Pendeluhren sind die früheste Art von Uhren, die die Zeit genau anzeigen können. Pendeluhren werden nach dem Gesetz des Einzelpendels hergestellt, haben seit ihrer Geburt eine mehr als 300-jährige Geschichte und werden auch heute noch von vielen Familien verwendet.

 

Der Isochronismus des Pendels
Im täglichen Leben und in der Produktion stellen die Menschen fest, dass das Objekt beim Schwingen ebenfalls regelmäßig wiederholt wird. Nachdem das Objekt an einem Seil aufgehängt wurde, schwingt das Objekt nach dem Ausüben von Schub wiederholt nach links und rechts, und dies ist das einzelne Pendel.

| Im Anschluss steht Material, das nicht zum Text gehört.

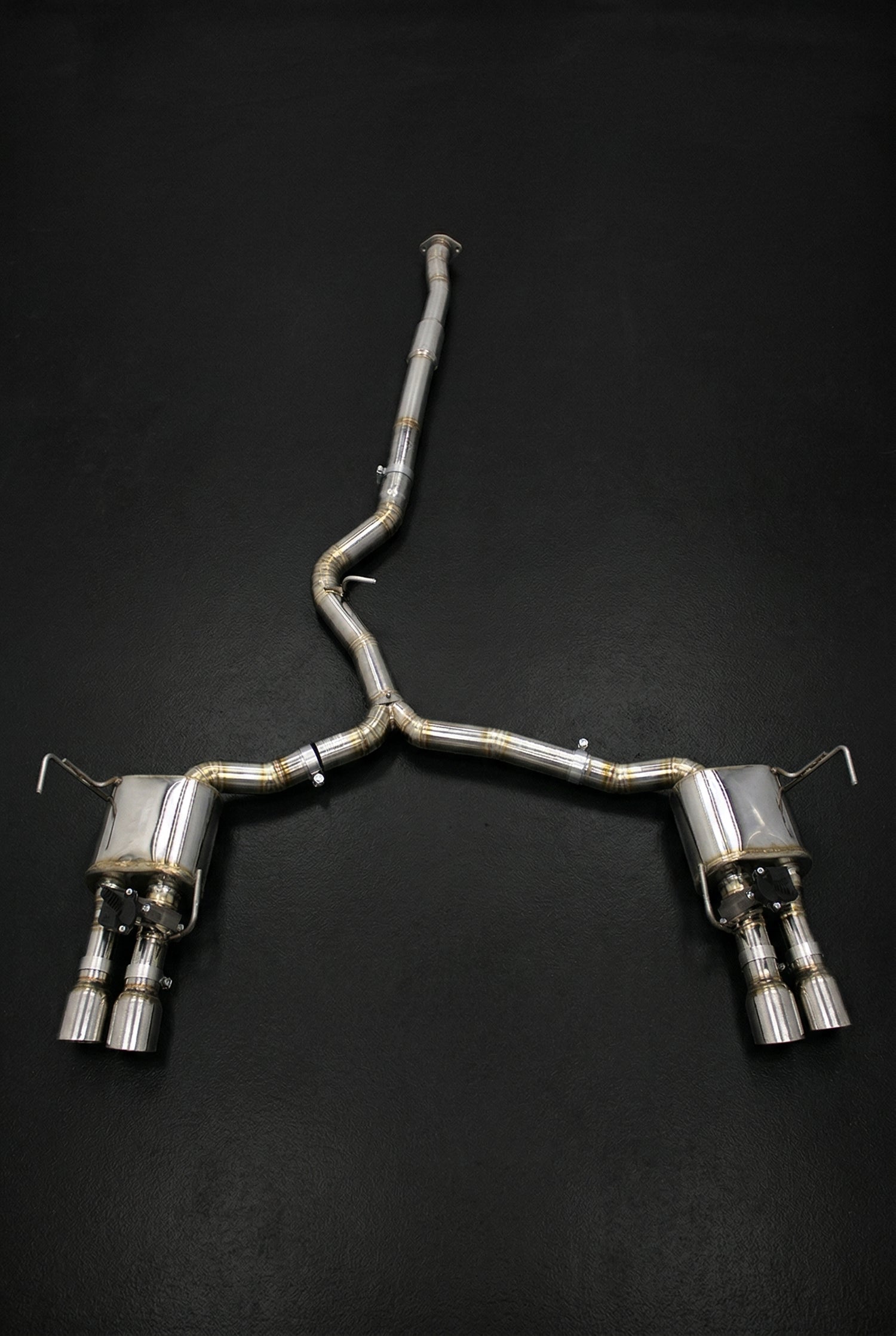 Ligne d'échappement SUBARU WRX VB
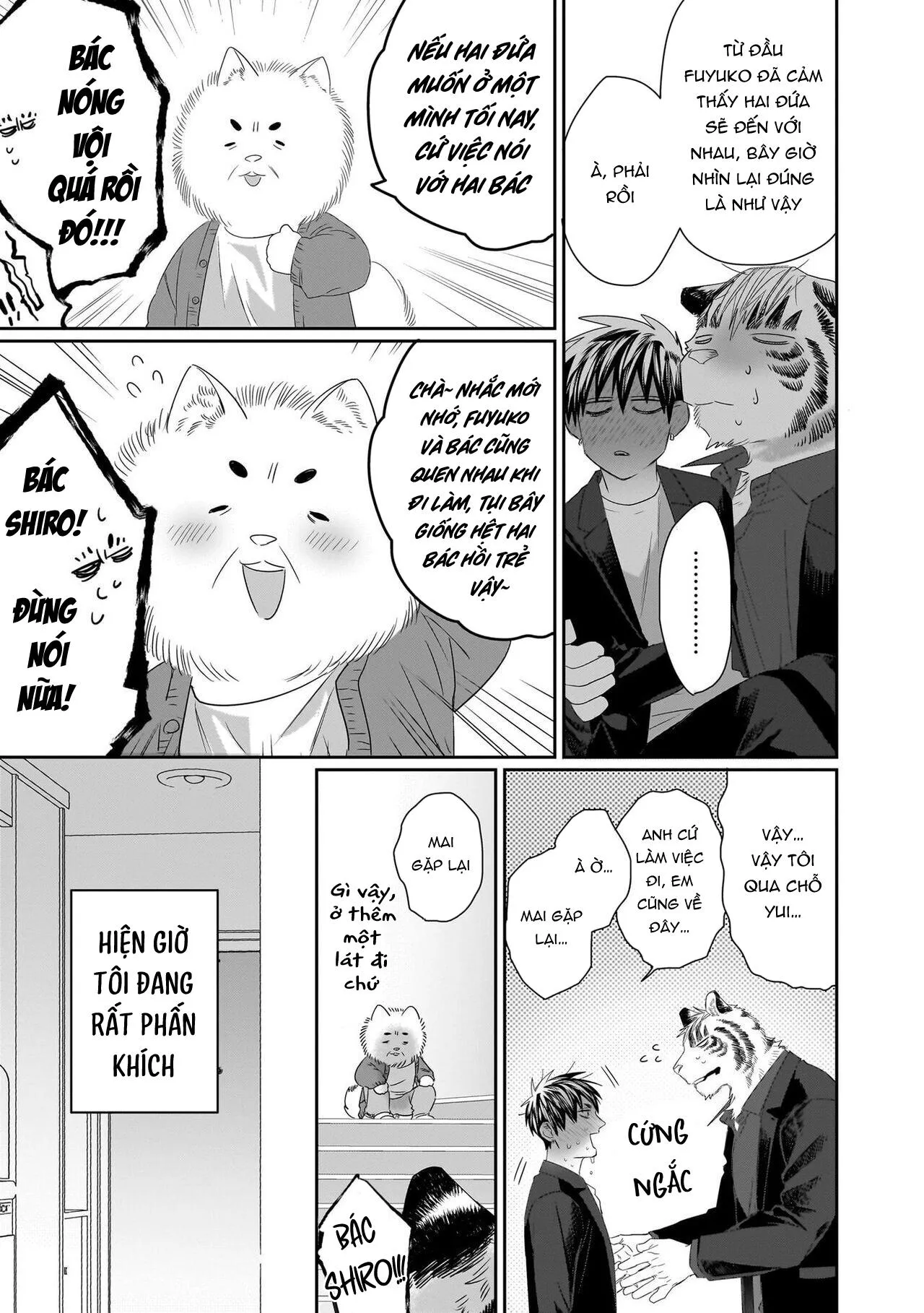 Chào Mừng Tới Văn Phòng Thám Tử Torano Chapter 5 Trang 50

Während des Oszillationsprozesses schwingt das Objekt aufgrund des unterschiedlichen auf das Objekt ausgeübten Schubs unterschiedlich, sodass die Amplitude der Schwingung unterschiedlich sein wird. Wenn der auf das Objekt ausgeübte Schub groß ist, ist die Amplitude der Schwingung größer , und wenn der Schub kleiner ist, wird die Amplitude der Schwingung kleiner.

 

Wenn das Objekt auf einer Seite zum höchsten Punkt schwingt, schwingt es unter dem Einfluss der Schwerkraft zurück, und wenn es die niedrigste Position erreicht, stoppt das Objekt aufgrund der Bewegungsträgheit nicht, sondern schwingt durch den tiefsten Punkt nach die höchste Position auf der anderen Seite, beschleunigen und stoppen unter der Wirkung der Schwerkraft und schwingen dann wieder zurück, und das Objekt schwingt zwischen den beiden höchsten Punkten hin und her.

 

Unter der Voraussetzung, dass das Pendelseil die gleiche Länge hat, ist die Zeit für einen Schwung genau gleich, was nichts mit dem Gewicht des Objekts selbst und der Amplitude des linken und rechten Schwungs zu tun hat Das heißt, egal, ob der Schub, den man auf dasselbe Objekt ausübt, groß oder klein ist, die Zeit, die das Objekt benötigt, um eine Woche lang zu schwingen, ist dieselbe, das ist der Isochronismus des Pendels, und das liegt genau an diesem Isochronismus des Pendels, dass es die Fähigkeit besitzt, die Zeit zu halten.